Especially powerful was Midsummer Night when a circle of drummers played in the Tower of St. Michael on the summit of the Tor from dusk to dawn, pausing only once at midnight.  The resonance of the djembe drums was amplified by the acoustic of the hollow tower and could be heard at a great distance from the hill in the still night.  As I ascended the narrow and winding stair that hugs the steep north-easterly face of Glastonbury Tor to join the several hundred people already assembled in the darkness on the flat summit, expectant for the dawn, I could hardly suppress the feeling that the place was like a rave about to be raided at any moment.  The circle of drummers were far too imaginative to be accused of making ‘repetitive beats’, but the whole feeling of the place was bursting with energy.  It has to be said that few of those there were true pagans celebrating in any traditional way.  Most were simply people who had been drawn there by the power of the place at Midsummer and the legend, and we were all transformed by its spirit and the call of the djembe into cosmic beings surfing the solstice.  Some say that the Tor is a dimensional portal.  Perhaps it has just learnt to become that way because of how people have worked with it. 
      We did not see a bright golden sun that morning, but as the white light strengthened in the mist it seemed that we were on an island floating in and on the clouds, like Olympus, or some mythical land suspended beyond time and  space.  People would emerge from the shining greyness like beings appearing from another dimension, becoming more distinct with every step, rising up through the foggy astral planes till they reached the clarity of the summit.  Briefly it felt that we were a ship sailing in eternity, and that we had touched something which was perhaps within us, that high point of awareness we each are searching for.  And when the day fully awoke and it was time to come down we would descend those astral planes, re-enter the veil of the material plane and return to the warmth of homely surroundings on the flat and level in the everyday world. 
    Not that the festival immediately afterwards was exactly everyday and homely, but I was able to take it at a more leisurely pace, visiting the many tented cafes, playing my guitar and meeting people.  The weather was wonderful for my health.  I had taken a bit of a risk going to the festival; if there had been a year of mud similar to the one I had seen in 1985, or  that were to follow in 1997 and 1998, the effect on my health would have been devastating.  But the gods smiled on us all that year it seems, and the climate was positively beneficial and  strengthening for me.
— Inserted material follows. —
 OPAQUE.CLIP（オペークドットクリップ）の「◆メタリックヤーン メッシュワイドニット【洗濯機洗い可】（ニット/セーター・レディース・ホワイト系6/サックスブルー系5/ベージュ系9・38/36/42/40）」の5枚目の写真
     As I became more attuned to the hum of the great mass of humanity that I was swimming in I began to see the entire event as a giant superconscious entity in which we were the neurones connecting with each other.  It seemed that only some transdimensional reality model like this could account for the incessant waves of synchronous events, as people that I might be thinking of would appear out of the crowd, blurring the boundaries of reality.  I determined that this perception was something I would take with me to the camp.  If the world is to go forward from its present crisis then a degree of intuitive and spontaneous co-operation of this sort is not only a vital quality but one that needs to be recognised in order to be encouraged.